Principles of whole genome bisulfite sequencing

Epigenetic studies have confirmed that DNA-methylation modification of specific gene regions plays an important role in chromosome conformation and gene expression regulation. Methylation of DNA cytosine residues at the C5 (5meC) is a common epigenetic mark in many eukaryotes and is widely found in CpG or CpHpG (H=A, T, C). There are mainly three approaches, including endonuclease digestion, affinity enrichment, and bisulfite conversion (Table 1). Almost all sequence-specific DNA methylation analysis approaches require a methylation-dependent treatment before amplification or hybridization to maintain fidelity. Various molecular biology techniques, such as next-generation sequencing (NGS), are subsequently performed to detect 5meC residues.

Table 1. Main principles of NGS-based methylation analysis.

  Enzyme digestion Affinity enrichment Sodium bisulfite
Principles Some restriction enzymes, such as HpaII and SmaI, are inhibited by 5meC in the CpG. Affinity enrichment uses antibodies specific for 5meC or methyl-binding proteins with affinity for profiling of DNA methylation.
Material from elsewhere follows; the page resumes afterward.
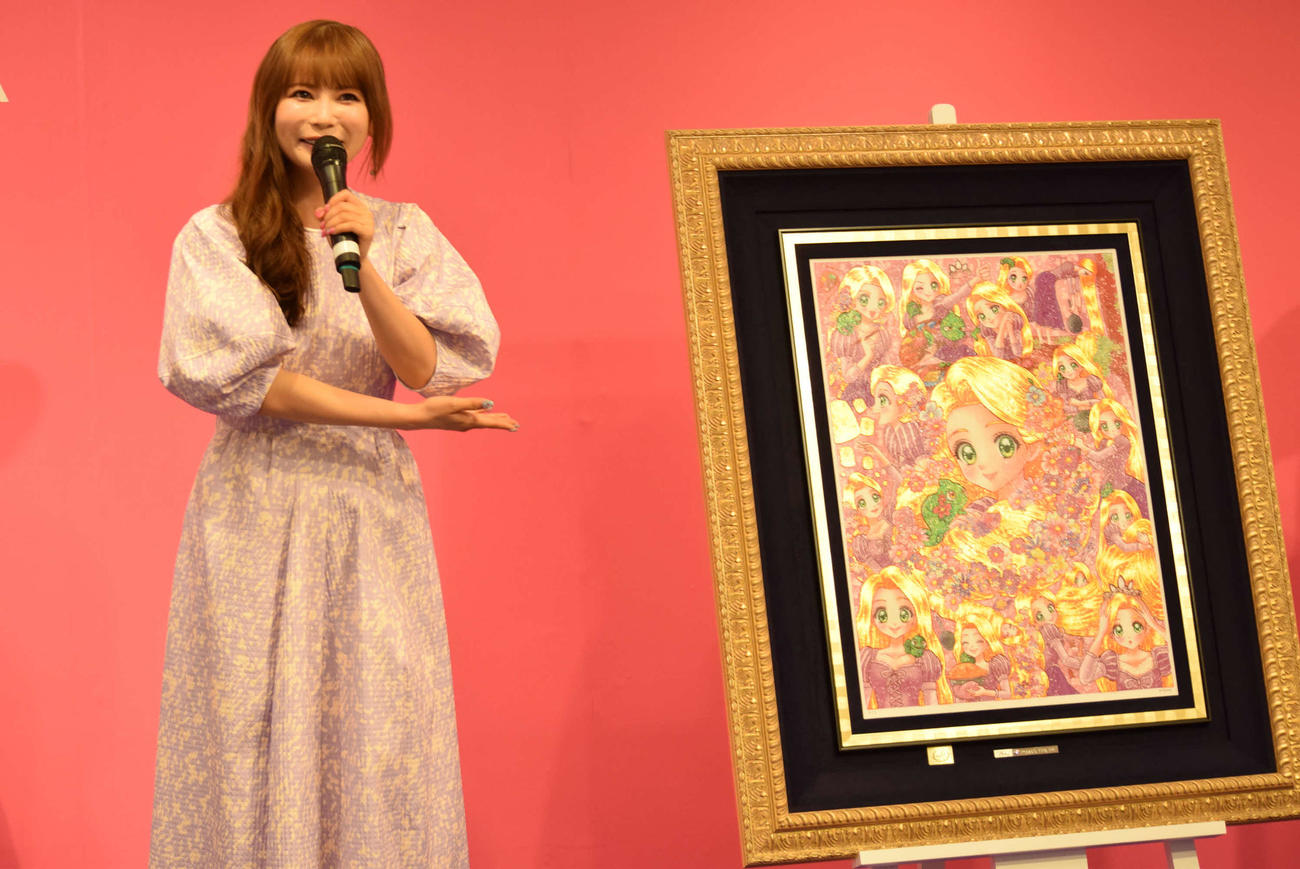 スペシャルファインアートの価格にビックリする中川翔子（撮影・阪口孝志）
Sodium bisulfite chemically turns unmethylated cytosine into uracil, hence enabling methylation detection.
Method example Methyl-seq*MCA-seq





*MCA: methylated CpG island amplification; *HELP: HpaII tiny fragment enrichment by ligation-mediated PCR; *MSCC: methylation-sensitive cut counting; *MeDIP-seq: methylated DNA immunoprecipitation; *MIRA: methylated CpG island recovery assay; *RRBS: reduced representation bisulfite sequencing; *WGBS: whole genome bisulfite sequencing; *BSPP: bisulfite padlock probes.

Bisulfite conversion spurred a revolution in genome methylation analysis in 1990s. Since bisulfite can convert un-methylated cytosines in the genome into uracils and then replaced by thymines during PCR amplification, which can be distinguished from the cytosine originally modified by methylation by counting cytosines and thymines for each position after sequencing (Figure 1). Whole genome bisulfite sequencing (WGBS), as a research method of great significance in this field, applies a combination of bisulfite treatment and next/third generation sequencing technologies (mostly, shotgun sequencing) to study DNA methylation at genomic level.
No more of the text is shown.